Is male infertility genetic?


The journey to parenthood isn't always as clear-cut as it's made out to be. Approximately 9% of men in the U.S. have reported seeking advice, testing, or treatment for infertility. While many cases of male-factor infertility can be treated with simple lifestyle interventions, in some cases, the cause is deeper—your genes. Read on to learn about the types of genetic male infertility.

How common is genetic male infertility? 

Studies show that 10–15% of male infertility cases are caused by genetics. So while age, diet, lifestyle, and hormones may be more common causes of infertility, genetics is sometimes a factor or even the sole cause of trouble conceiving.

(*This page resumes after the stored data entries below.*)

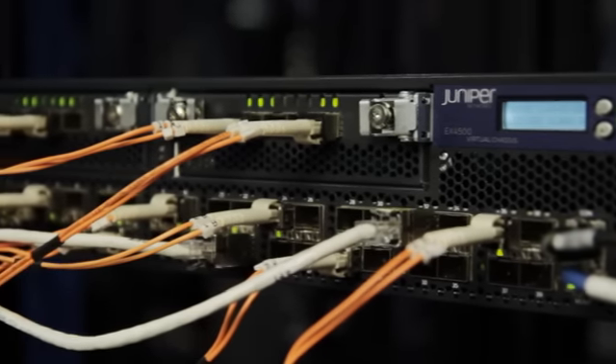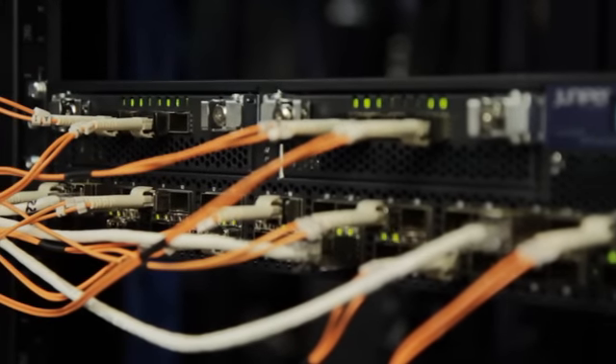For extensibility and investment protection, the system also comes with two optional uplink slots which can support a variety of configurations, including 10 gigabit ethernet today, with plans for 40 gigabit ethernet in the future.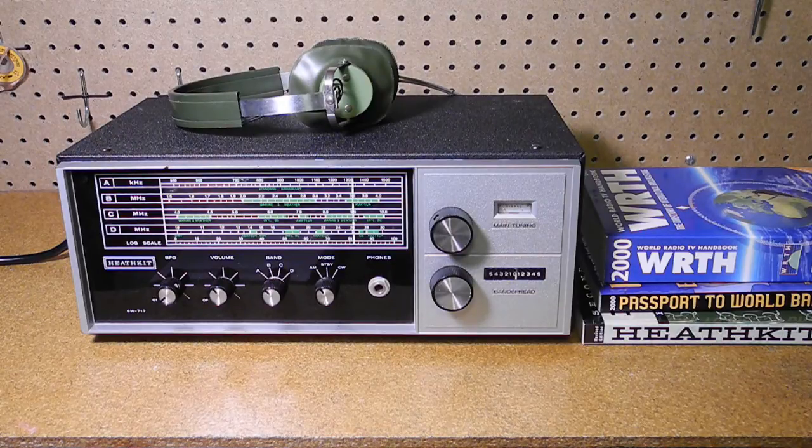In this video we'll look at the Heathkit SW717 general coverage receiver. We'll take a look at the history of the radio, its features, and take a look at it inside and out. I'll discuss the restoration of this particular unit and demonstrate it being operated.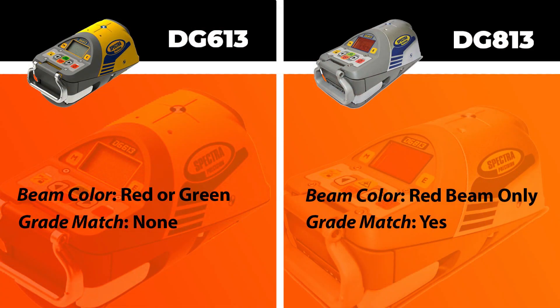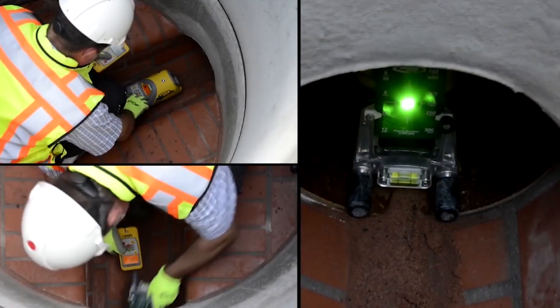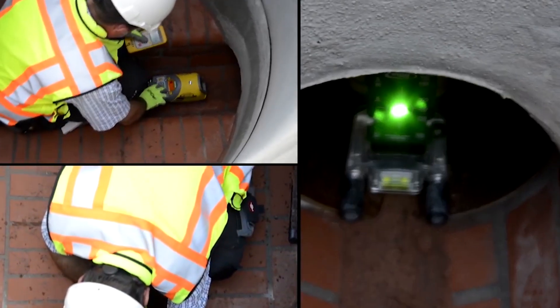Now let's go over the differences. The first being is that the DG 613 is offered in both red and green beam while the DG 813 is only in red beam. Some people really don't see the big advantage, but if you are colorblind it's almost damn near impossible to see a red beam out there. So if you do have a little money left over in a budget, we recommend going with the green beam.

There is some evidence that men who are infertile are more likely to have sons who are infertile, as well. One study found that the male children of men who used intracytoplasmic sperm injection (ICSI) to conceive were significantly more likely to experience poor semen quality parameters—including lower sperm concentration, sperm count, and motility—compared to male children who were naturally conceived.

There wasn't conclusive evidence to pinpoint exactly what caused the low quality semen parameters. They did find that the difference wasn’t cut across lines of BMI, smoking, alcohol consumption, or drug use, so lifestyle factors that may be carried from father to son weren’t relevant to this study. The most likely reason for this correlation is underlying genetics, and not necessarily the ICSI procedure itself. Since ICSI is a treatment that helps overcome fertility issues, such as oligospermia (when a man produces low sperm count), it's possible that those same fertility issues may be genetically passed down to male offspring.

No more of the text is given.